↓

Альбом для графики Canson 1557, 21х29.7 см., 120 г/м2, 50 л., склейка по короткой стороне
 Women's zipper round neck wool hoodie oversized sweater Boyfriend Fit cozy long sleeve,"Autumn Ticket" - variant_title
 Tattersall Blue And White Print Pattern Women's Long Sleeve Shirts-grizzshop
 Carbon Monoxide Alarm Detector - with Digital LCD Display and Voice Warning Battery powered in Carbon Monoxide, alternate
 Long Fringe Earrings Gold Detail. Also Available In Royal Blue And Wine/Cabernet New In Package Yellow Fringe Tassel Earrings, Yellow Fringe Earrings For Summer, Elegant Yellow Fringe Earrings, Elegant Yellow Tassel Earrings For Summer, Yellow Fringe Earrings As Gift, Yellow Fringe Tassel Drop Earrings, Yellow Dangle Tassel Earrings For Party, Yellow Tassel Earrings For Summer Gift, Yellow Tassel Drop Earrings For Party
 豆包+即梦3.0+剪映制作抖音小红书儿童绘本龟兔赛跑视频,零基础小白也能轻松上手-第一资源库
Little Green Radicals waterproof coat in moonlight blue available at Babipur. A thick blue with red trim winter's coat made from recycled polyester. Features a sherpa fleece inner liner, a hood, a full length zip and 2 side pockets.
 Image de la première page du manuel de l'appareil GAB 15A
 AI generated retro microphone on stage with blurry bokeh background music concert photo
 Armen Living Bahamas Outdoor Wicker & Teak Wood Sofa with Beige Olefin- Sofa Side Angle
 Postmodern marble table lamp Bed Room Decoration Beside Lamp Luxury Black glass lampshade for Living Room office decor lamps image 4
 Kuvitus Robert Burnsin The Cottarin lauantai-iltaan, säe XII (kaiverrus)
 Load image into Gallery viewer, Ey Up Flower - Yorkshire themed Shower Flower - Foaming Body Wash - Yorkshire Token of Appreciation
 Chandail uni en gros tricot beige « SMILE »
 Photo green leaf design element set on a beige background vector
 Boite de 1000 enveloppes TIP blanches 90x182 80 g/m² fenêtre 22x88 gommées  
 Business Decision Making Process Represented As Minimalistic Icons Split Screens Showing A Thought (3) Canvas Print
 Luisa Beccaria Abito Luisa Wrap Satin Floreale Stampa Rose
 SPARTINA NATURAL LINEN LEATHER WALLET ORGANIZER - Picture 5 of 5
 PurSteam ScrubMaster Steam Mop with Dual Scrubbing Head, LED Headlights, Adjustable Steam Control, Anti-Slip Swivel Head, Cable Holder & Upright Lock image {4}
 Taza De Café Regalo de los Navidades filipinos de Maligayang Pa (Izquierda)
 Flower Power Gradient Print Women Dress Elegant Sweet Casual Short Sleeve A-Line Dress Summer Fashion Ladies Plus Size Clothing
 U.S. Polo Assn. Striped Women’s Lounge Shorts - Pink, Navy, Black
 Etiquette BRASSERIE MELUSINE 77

↑

Print the material once more, exactly.

Альбом для графики Canson 1557, 21х29.7 см., 120 г/м2, 50 л., склейка по короткой стороне
 Women's zipper round neck wool hoodie oversized sweater Boyfriend Fit cozy long sleeve,"Autumn Ticket" - variant_title
 Tattersall Blue And White Print Pattern Women's Long Sleeve Shirts-grizzshop
 Carbon Monoxide Alarm Detector - with Digital LCD Display and Voice Warning Battery powered in Carbon Monoxide, alternate
 Long Fringe Earrings Gold Detail. Also Available In Royal Blue And Wine/Cabernet New In Package Yellow Fringe Tassel Earrings, Yellow Fringe Earrings For Summer, Elegant Yellow Fringe Earrings, Elegant Yellow Tassel Earrings For Summer, Yellow Fringe Earrings As Gift, Yellow Fringe Tassel Drop Earrings, Yellow Dangle Tassel Earrings For Party, Yellow Tassel Earrings For Summer Gift, Yellow Tassel Drop Earrings For Party
 豆包+即梦3.0+剪映制作抖音小红书儿童绘本龟兔赛跑视频,零基础小白也能轻松上手-第一资源库
Little Green Radicals waterproof coat in moonlight blue available at Babipur. A thick blue with red trim winter's coat made from recycled polyester. Features a sherpa fleece inner liner, a hood, a full length zip and 2 side pockets.
 Image de la première page du manuel de l'appareil GAB 15A
 AI generated retro microphone on stage with blurry bokeh background music concert photo
 Armen Living Bahamas Outdoor Wicker & Teak Wood Sofa with Beige Olefin- Sofa Side Angle
 Postmodern marble table lamp Bed Room Decoration Beside Lamp Luxury Black glass lampshade for Living Room office decor lamps image 4
 Kuvitus Robert Burnsin The Cottarin lauantai-iltaan, säe XII (kaiverrus)
 Load image into Gallery viewer, Ey Up Flower - Yorkshire themed Shower Flower - Foaming Body Wash - Yorkshire Token of Appreciation
 Chandail uni en gros tricot beige « SMILE »
 Photo green leaf design element set on a beige background vector
 Boite de 1000 enveloppes TIP blanches 90x182 80 g/m² fenêtre 22x88 gommées  
 Business Decision Making Process Represented As Minimalistic Icons Split Screens Showing A Thought (3) Canvas Print
 Luisa Beccaria Abito Luisa Wrap Satin Floreale Stampa Rose
 SPARTINA NATURAL LINEN LEATHER WALLET ORGANIZER - Picture 5 of 5
 PurSteam ScrubMaster Steam Mop with Dual Scrubbing Head, LED Headlights, Adjustable Steam Control, Anti-Slip Swivel Head, Cable Holder & Upright Lock image {4}
 Taza De Café Regalo de los Navidades filipinos de Maligayang Pa (Izquierda)
 Flower Power Gradient Print Women Dress Elegant Sweet Casual Short Sleeve A-Line Dress Summer Fashion Ladies Plus Size Clothing
 U.S. Polo Assn. Striped Women’s Lounge Shorts - Pink, Navy, Black
 Etiquette BRASSERIE MELUSINE 77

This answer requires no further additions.